The current figures show that, overall, women hold slightly over thirty percent of degrees, while men have less at twenty nine percent. These figures are of the general population – the figures are much starker for the younger set (25-34) where women have nearly ten percent more bachelor’s degrees than do the men of the equivalent age.

This is a contrast from previous years, where only twenty six percent of women held degrees, to twenty eight percent of men (again, in overall population figures). The changes in how many women versus how many men take part in formal education is something which has a variety of answers, not all of which are verifiable.

Today’s Situation

There are a number of reasons why women are more likely to go into higher education than men, including opportunity, skills, and desire. Boys from disadvantaged areas are less likely to go into higher education than girls, even if both boys and girls received the same relief programmes; people who are working on these statistics should also take into account the changes which have been made to the university and college courses in recent years, which has resulted in a lot of female-dominated professions now requiring a degree of some sort. This has resulted in an increase in female entrants into various universities and colleges in pursuit of higher degrees.

In addition to the reasons given above, universities are still known for accepting fewer students from working class backgrounds than from other backgrounds. While this should logically affect both sexes equally, there is the additional barrier of working class culture, which tells boys and men that an education is perhaps not something worth attaining.

One particular reason for girls and women acquiring more degrees than boys and men is the simple fact that girls are more likely to succeed in the way they need to at school. It is only with good results in school that someone can move onto a university degree.

Universities are particularly interested in the overall educational skillset of their applicants, which is one area where men are consistently out-performed by women. Women are most likely to have acquired all their skills and qualifications themselves, leading to them actually being able to back up their skillset on paper. Men, being more like to commission a custom essay from various sources, are less likely to be able to show universities their skills, and so are perhaps less likely to be accepted for study.

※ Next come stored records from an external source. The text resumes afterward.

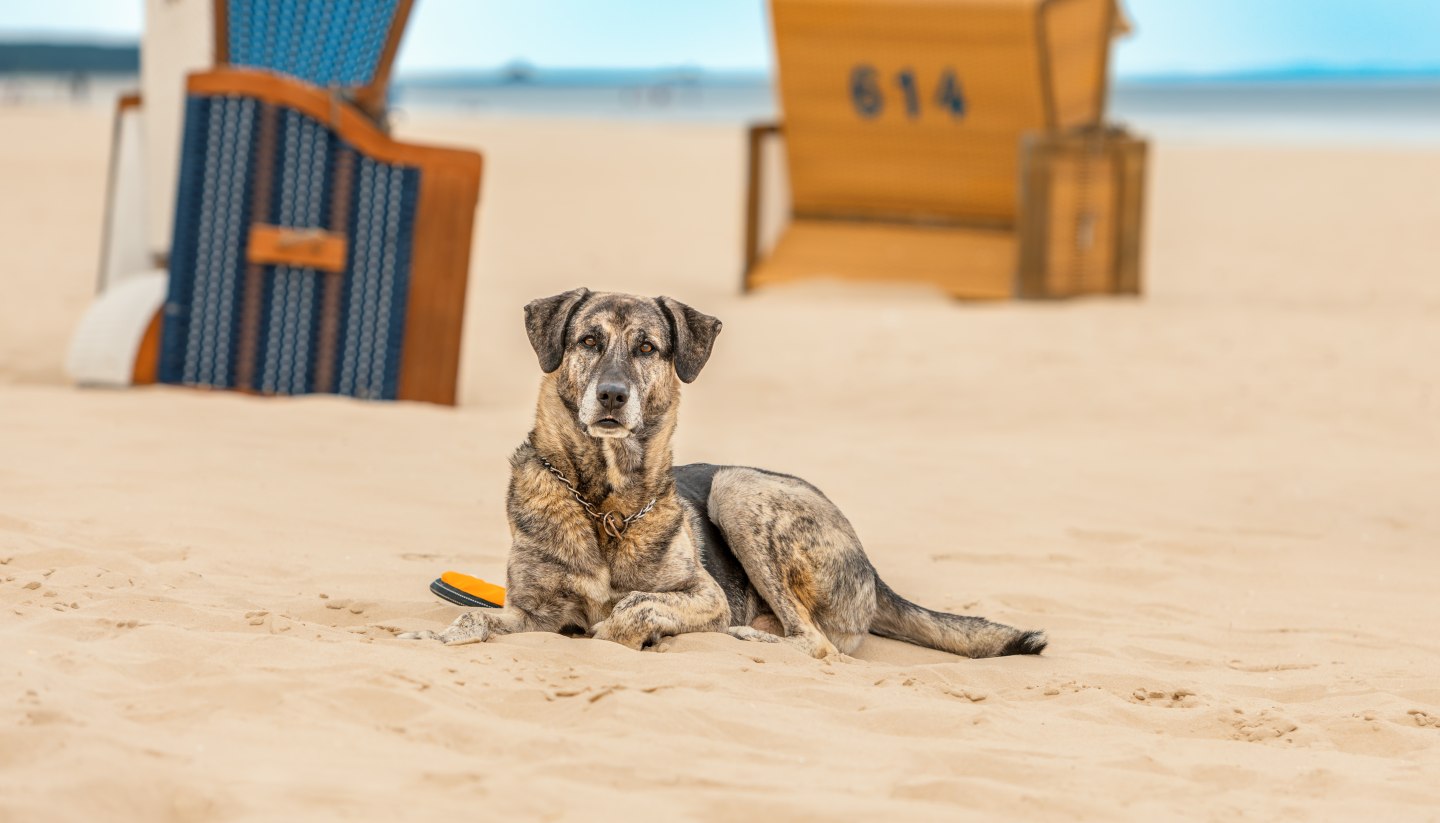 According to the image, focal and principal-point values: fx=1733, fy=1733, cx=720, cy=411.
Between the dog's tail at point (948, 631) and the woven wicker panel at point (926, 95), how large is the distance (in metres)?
8.65

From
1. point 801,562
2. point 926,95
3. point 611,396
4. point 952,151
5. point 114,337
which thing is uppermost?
point 926,95

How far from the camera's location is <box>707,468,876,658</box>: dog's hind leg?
542 cm

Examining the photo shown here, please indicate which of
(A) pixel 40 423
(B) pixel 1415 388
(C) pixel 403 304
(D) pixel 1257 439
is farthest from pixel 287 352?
(B) pixel 1415 388

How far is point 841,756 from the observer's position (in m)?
4.01

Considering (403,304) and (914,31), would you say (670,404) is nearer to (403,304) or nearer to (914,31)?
(403,304)

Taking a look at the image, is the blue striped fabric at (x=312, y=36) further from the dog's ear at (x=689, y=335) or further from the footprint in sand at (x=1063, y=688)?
the footprint in sand at (x=1063, y=688)

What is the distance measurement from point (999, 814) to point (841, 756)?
45 cm

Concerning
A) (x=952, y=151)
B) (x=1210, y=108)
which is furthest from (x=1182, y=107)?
(x=952, y=151)

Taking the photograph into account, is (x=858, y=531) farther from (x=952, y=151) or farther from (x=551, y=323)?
(x=952, y=151)

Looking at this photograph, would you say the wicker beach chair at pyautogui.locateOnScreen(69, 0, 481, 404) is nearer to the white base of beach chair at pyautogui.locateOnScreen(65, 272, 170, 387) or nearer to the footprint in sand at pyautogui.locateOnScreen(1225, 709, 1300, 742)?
the white base of beach chair at pyautogui.locateOnScreen(65, 272, 170, 387)

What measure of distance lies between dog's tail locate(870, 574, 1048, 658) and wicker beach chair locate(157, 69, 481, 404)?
4.38m

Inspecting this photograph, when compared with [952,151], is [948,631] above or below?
below

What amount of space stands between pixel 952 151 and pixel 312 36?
19.8ft

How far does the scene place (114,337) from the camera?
9219 millimetres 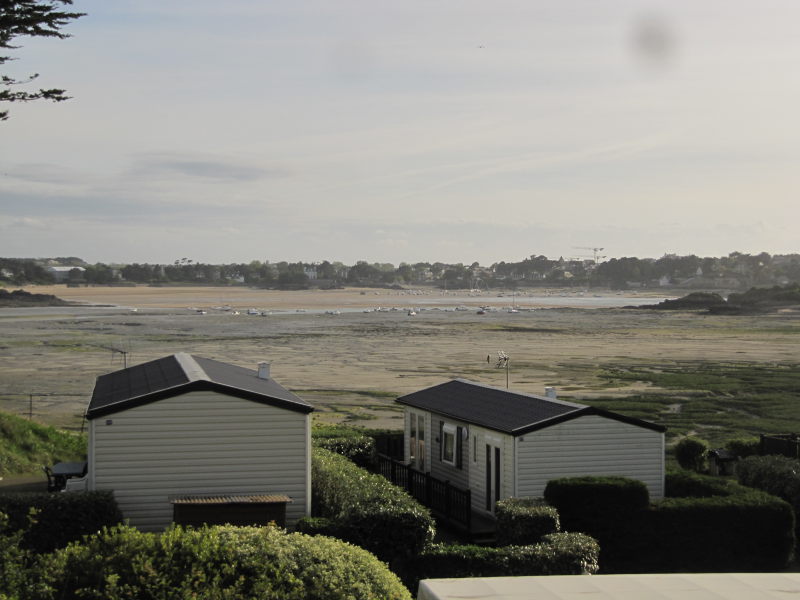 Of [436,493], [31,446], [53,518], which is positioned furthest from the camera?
[31,446]

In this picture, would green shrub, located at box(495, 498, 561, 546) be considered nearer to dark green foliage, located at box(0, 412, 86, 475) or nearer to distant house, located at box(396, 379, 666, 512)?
distant house, located at box(396, 379, 666, 512)

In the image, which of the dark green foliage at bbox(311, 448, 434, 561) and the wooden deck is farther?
the wooden deck

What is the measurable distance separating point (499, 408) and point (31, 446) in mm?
14615

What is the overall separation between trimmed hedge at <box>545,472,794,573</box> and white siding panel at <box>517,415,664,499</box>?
1.64 metres

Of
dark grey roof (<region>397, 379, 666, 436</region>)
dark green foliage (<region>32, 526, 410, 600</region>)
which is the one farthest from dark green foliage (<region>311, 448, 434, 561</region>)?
dark green foliage (<region>32, 526, 410, 600</region>)

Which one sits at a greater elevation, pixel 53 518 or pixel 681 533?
pixel 53 518

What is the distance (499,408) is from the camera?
22016 millimetres

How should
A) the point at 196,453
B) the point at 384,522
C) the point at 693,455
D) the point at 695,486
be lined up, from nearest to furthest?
the point at 384,522
the point at 196,453
the point at 695,486
the point at 693,455

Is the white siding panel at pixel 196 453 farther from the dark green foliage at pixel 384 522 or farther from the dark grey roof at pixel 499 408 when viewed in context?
the dark grey roof at pixel 499 408

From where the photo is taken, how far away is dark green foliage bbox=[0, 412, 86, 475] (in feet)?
87.1

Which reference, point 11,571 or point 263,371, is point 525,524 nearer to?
point 263,371

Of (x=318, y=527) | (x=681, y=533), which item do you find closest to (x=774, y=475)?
(x=681, y=533)

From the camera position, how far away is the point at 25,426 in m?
28.9

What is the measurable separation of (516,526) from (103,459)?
780 cm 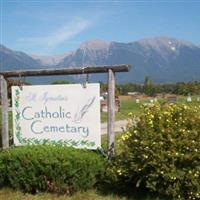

Finally, women may be gaining more degrees than men because women have more incentive to do so. A man who has a degree will earn two times more than his counterpart with no further education; a woman, however, will earn up to three times as much.

Historical Perspective

Historically, of course, women have never been allowed to attain the same levels of achievement as their male peers, which means that any attempt to properly compare the two before around 1950 onwards is somewhat unfair. As a result, many people have suggested that the current trend in women out-performing men may simply be a result of women catching up to men, and doing what they have had hundreds of years to do.

One of the first colleges for women was Girton College in Cambridge, though it was not originally at Girton. Emily Davies set the college up in 1869 so as to give women who wanted to study university subjects, although she took care to offer only subjects which men studied at the time. Her thinking was that if the college offered any subjects which were commonly associated with women, then that would simply be another reason for people to look down on the college and its inhabitants. She reasoned that only allowing women to study ‘manly’ subjects would make the college more legitimate in the face of all the opposition.

In the beginning, there was a lot of opposition to the idea of women gaining higher education, from various angles. Religious figures spoke out against it as being against the natural order of things, since women were not supposed get ideas above their station. This was particularly the case with Davies’ College, because she specifically taught subjects which had until that point been entirely the jurisdiction of men. Doctors were concerned that too much learning would upset a woman’s brain (which was supposedly smaller than a man’s, and therefore less capable) and uterus. Even parents were reluctant to let their daughters go to the college because of the gossip which was being thrown around about the women who enrolled there.

Education and the Workplace

While the pay gap still, unfortunately, exists, women who go to university and come out with a degree are likely to be paid an amount which is three times more than they would otherwise receive. Given the gap between the number of men with degrees and the number of women with degrees, we can infer that women think the tuition fees (and resulting debt) for university is worth it for the additional money they will receive in the form of income later. The resulting in gender gap can then be explained by men being so confident in their ability to command a sufficient paycheque that they do not think an increase in income would offset the negatives of having time off for an education, or debt from that education.

Some women who go on to higher education cite their reasons as including the fact that people fought for this right – to have an education and to be taken seriously as a student. Because of this, they feel it is only right to take advantage of the educational opportunities that they have.

Wrapping it up

There is a number of reasons why there are now more women than men in higher education and with degrees. These include the changes within the culture which make it more conducive for women to go to higher education (they will gain more income if they do so, which in turn seems to make it more likely that they will see the advantages to taking on any debt necessary for completing their education), the ways in which women seem more reliable and desirable when it comes to higher education, and the possibility that the numbers of women in education are not significantly growing, but that the numbers are simply equalising in the face of women having the same educational opportunities as men.